Since PHP6 died, it made sense to avoid confusion and not name the new major version 6, since we'd then have two different PHP 6es.

This is not unlike what happened with ECMAScript 4.


That's funny; I used nearly the exact same phrasing to describe PHP 6 a few months ago:

https://www.reddit.com/comments/2qyuhc/new_rfc_for_scalar_ty...


Ah, I may have subconsciously copied the way you said it, I think I've read your comment before. Sorry about that!


Into 5.4, actually.


Ah yes, you're right of course.


That's what should have happened with Perl a decade ago.


Eloped with Windows 9.


It got a call from ECMAScript 4.


most of it was rolled into 5.4. i think some of the more contentious unicode parts were dropped.


[flagged]


> Doesn't change anything. It is still shit.

To be fair there is no perfect language ,especially in dynamic/weakly typed ones. PHP "grew organically", was successful because at the time it came , it was easy enough for hobbyists and non programmers.

It's still the cheapest way to develop web apps and for those who like java patterns they can still upgrade to these because of its class system. While I wish Ruby or Python would be more popular, they are not as easy to use as PHP(while ironicaly it is easier to go further faster with rails for instance than bare bone PHP),they are not as cheap to deploy too.

There is a natural progression between learning HTML and then adding some server-side behavior , that wasn't met by other solutions (while java has JSP, forced OO makes it too complicated for beginners)

Nevertheless, PHP has excellent libraries , extensions that even some "hotter" languages do not have , I think when people start projects they don't just look at the language but also the ecosystem.


> they are not as easy to use as PHP(while ironically it is easier to go further faster with rails for instance than bare bone PHP)

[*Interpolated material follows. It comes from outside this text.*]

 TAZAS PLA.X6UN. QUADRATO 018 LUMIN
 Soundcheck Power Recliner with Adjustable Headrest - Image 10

PHP's frameworks (Laravel, Yii, etc), being based on previous frameworks, are more mature and frankly just better than Rails in most ways, though less integrated with the stack. Which also provides more choice and 'competition' in the PHP ecosystem.

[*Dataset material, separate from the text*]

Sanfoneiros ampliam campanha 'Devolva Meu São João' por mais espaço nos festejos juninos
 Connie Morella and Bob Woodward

To be generous; starting with plain PHP would be like starting with Ruby, not Rails.


The relation with Rails illustrates how lively the PHP community is. Rails was one big step ahead, PHP copied Rails in a hundred different ways, iterated through that for 3 generations of frameworks and is now well ahead of the simplistic RoR ecosystem.

Ruby is still a better language, but that really doesn't matter unless you project involves writing stuff from scratch.

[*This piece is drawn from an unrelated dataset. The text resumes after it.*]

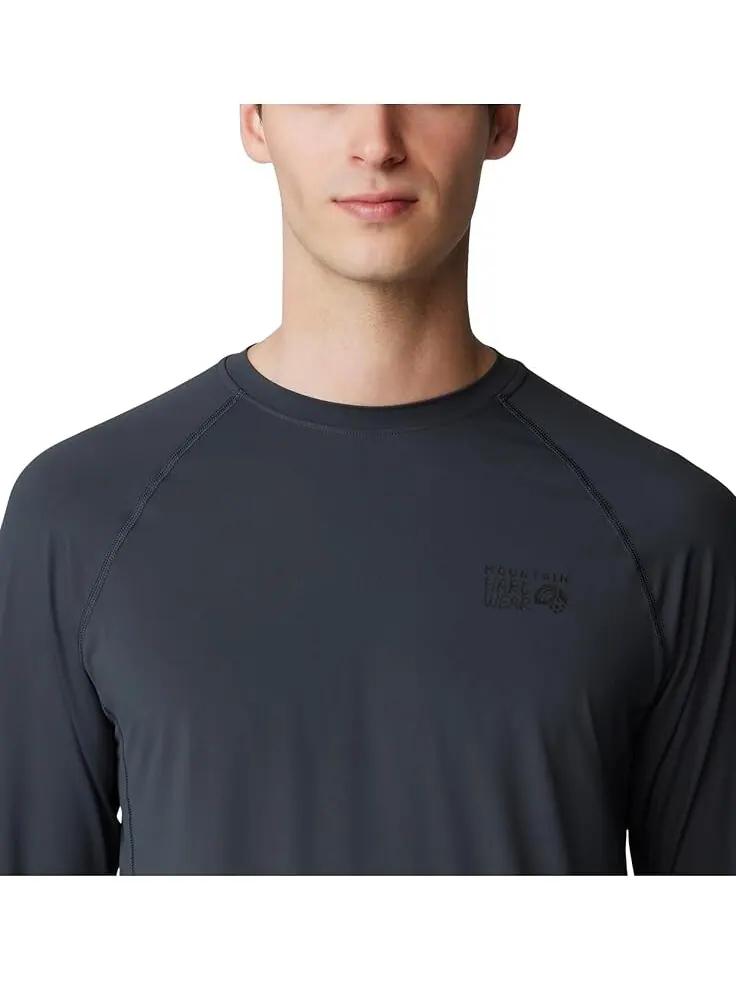Лонгслив Mountain Hardwear Crater Lake Long Sleeve Crew — изображение 4 из 5, серый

Agreed on Ruby, and great point about Rails being the one to break new ground in frameworks. I experimented with switching from Laravel to Rails recently, but I was too late to see it as innovative. Like how classic art comes to be cliche by virtue of being the root of its genre.



because three bad libraries means PHP has no excellent ones.... /s


Try Facebook's Hack if you want all the nice stuff of PHP and modern language features.

PHP still beats the pants out of just about any other language out there in the ease of use department if you want to build websites and is fairly simple to learn. Once people pick up PHP, then they usually start exploring other languages that are more involved and strict.

All this PHP hate is really discouraging to beginners.


>PHP still beats the pants out of just about any other language out there in the ease of use department..

This is not true. Why is it easier than, say, Ruby

>Once people pick up PHP, then they usually start exploring other languages..

But since they are already brainwashed from PHP use, it prevents them from seeing the value of doing thing the proper way, and might see the process as contrived. This is the most dangerous aspect of using PHP. It blocks your learning and understanding. It pulls you down and keep it there.

A good example is the use of PHP arrays. It is a combination of different data structures like list, dictionaries, sets etc. But because it is a combination, you wont be able to use it as a list, or a dictionary or as a set to the fullest extent. And you will be so used to using this for every situation that you might be put off by lack of similar data structures in other languages, and blocks you from seeing the value of using the right one for a particular situation.

So I request every one who is passionate about programming and wants a career in programming to keep away from the php language and community as much as possible.


> But since they are already brainwashed from PHP use, it prevents them from seeing the value of doing thing the proper way, and might see the process as contrived. This is the most dangerous aspect of using PHP. It blocks your learning and understanding. It pulls you down and keep it there.

After 10 years of writing PHP I took a look at Python. I was confused for about 10 minutes, until I read about lists and dictionaries and saw they were different things.

Who are these people who are just trying to write other languages without looking at the "getting started with data structures" page in the guide, or reading a single book?

And why is learning something flexible and easy before learning something more advanced a problem?

> So I request every one who is passionate about programming and wants a career in programming to keep away from the php language and community as much as possible.

I was writing PHP for a living for a decade. I did a bit of Ruby along the way because it's all the same and who cares. I was then invited to CTO at a tech startup in NY, giving me a visa and moving me from the UK.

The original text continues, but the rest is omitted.